The Indonesian Government is set to trial new airspace surveillance technology, developed by AirServices Australia in alliance with international airline data communications provider, SITA Inc., the Australian Government Minister for Transport and Regional Services, Warren Truss, announced today.
"Around 60,000 international flights in and out of Australia travel through Indonesian airspace every year, 25,000 of which are Qantas flights," Mr Truss said.
"This trial aims to improve air traffic safety in Indonesian airspace and promote flight data sharing across international boundaries."
The sophisticated new technology involves aircraft broadcasting their positional data every second, which is received in radar-type format by ground-based ADS-B receivers and forwarded to Air Traffic Controllers.
"The new airspace surveillance system, ADS-B, provides an alternative to potential multi-million dollar investments in radar technology, realising savings of up to 90 percent and associated maintenance costs. It also significantly reduces the pressure on increasing air navigation service charges," he said.
Mr Truss said ADS-B is well suited to countries with a large land mass and difficult terrain.
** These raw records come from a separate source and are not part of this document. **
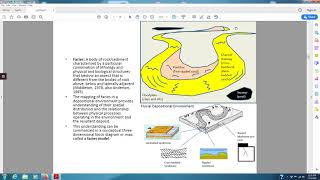 Sedimentology Lecture 10 Depositional Environments and Facies Analysis [upl. by Etnahs]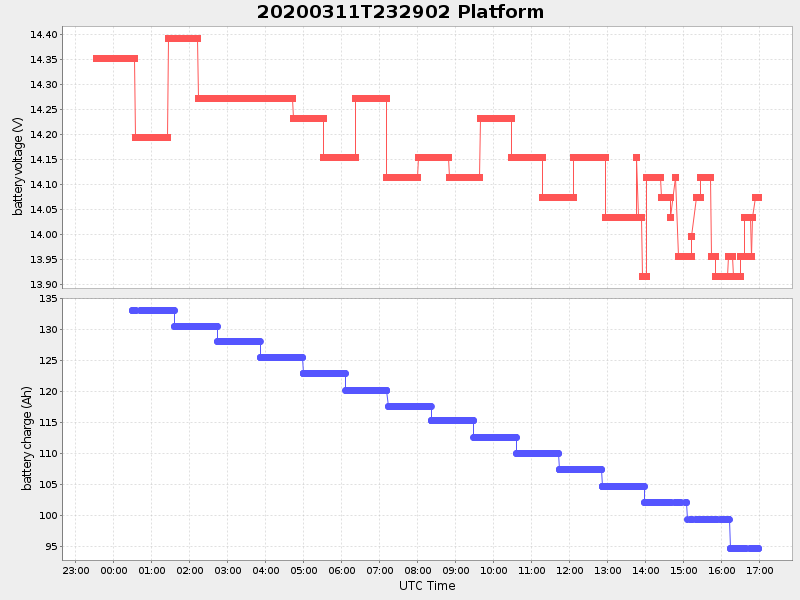 Plot of platform.png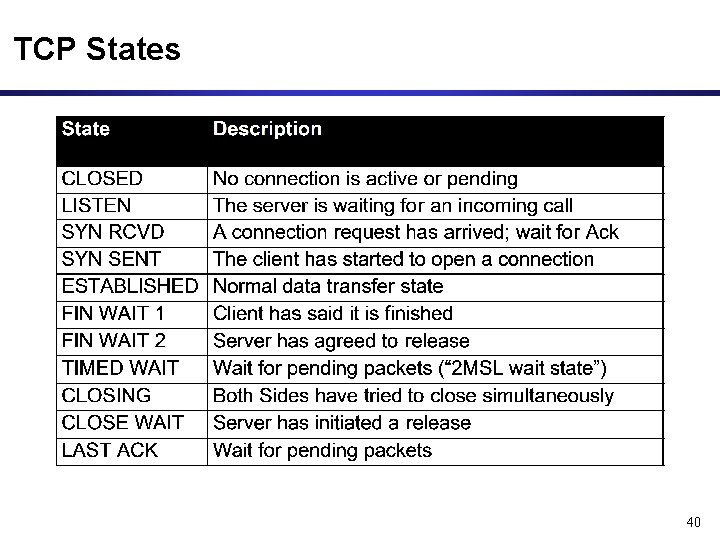 TCP States 40 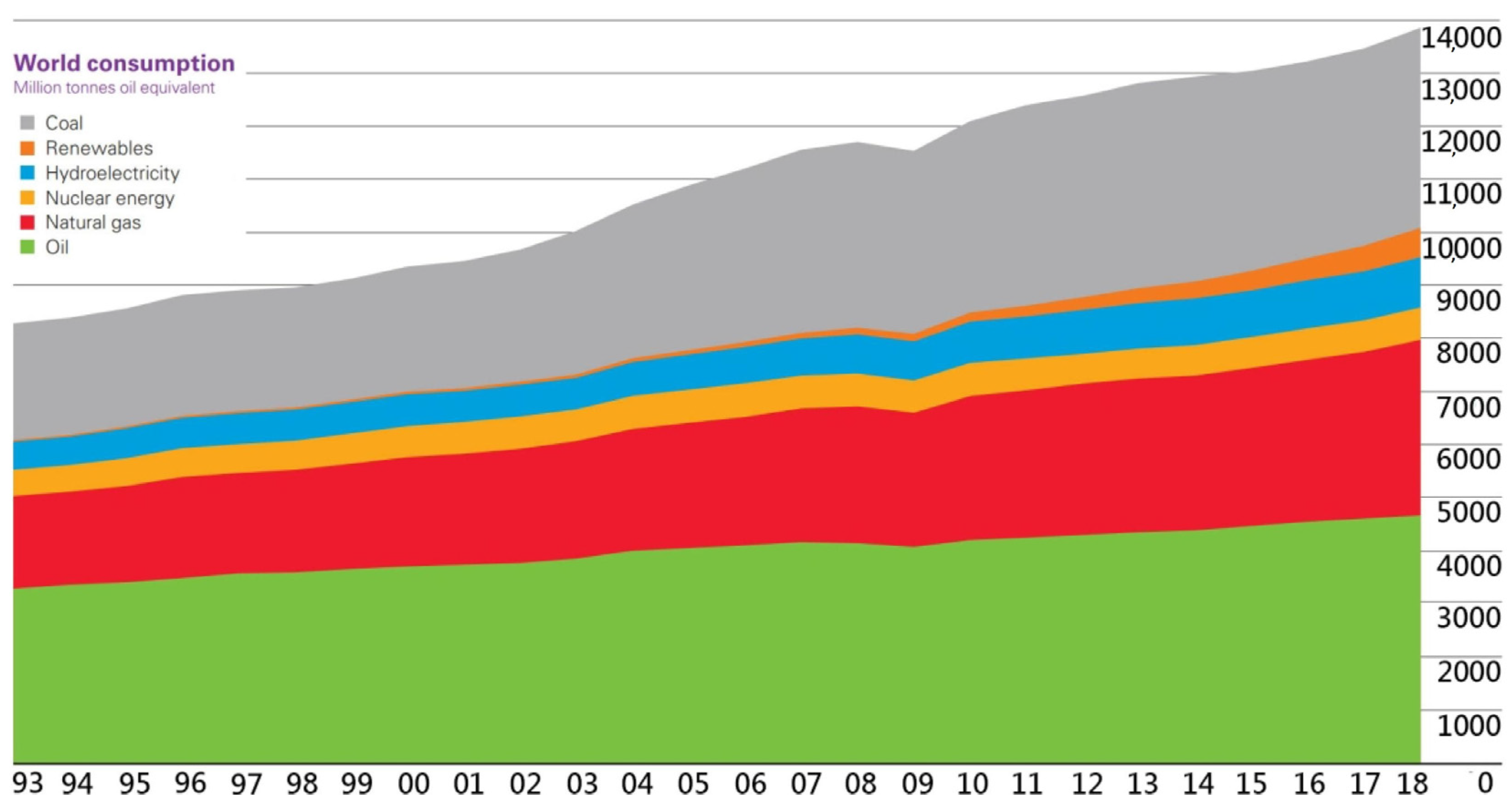 Energies 16 04374 g001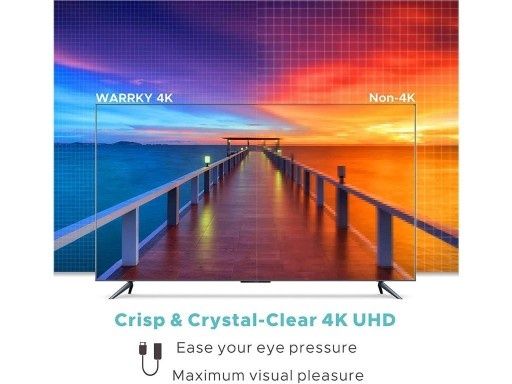 Kabel USB - C - HDMI Firmy WARRKY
Other countries in Asia and the Pacific will now also be able to sign up to use the new technology, he said.
"Wide-ranging take-up of the new system in the Asia-Pacific has the potential to accelerate co-operation in air traffic management system development in our region, and also to provide a model that can be useful to other regions such as Africa and Latin America.
"Australia is making plans to become the first country in the world to implement ADS-B technology nationally, which will provide radar-like service across the entire upper-level airspace by early 2007," he said
Details of the alliance and the Indonesian trial were released today at the annual Air Navigation Services Provider conference, ATC Maastricht in The Netherlands.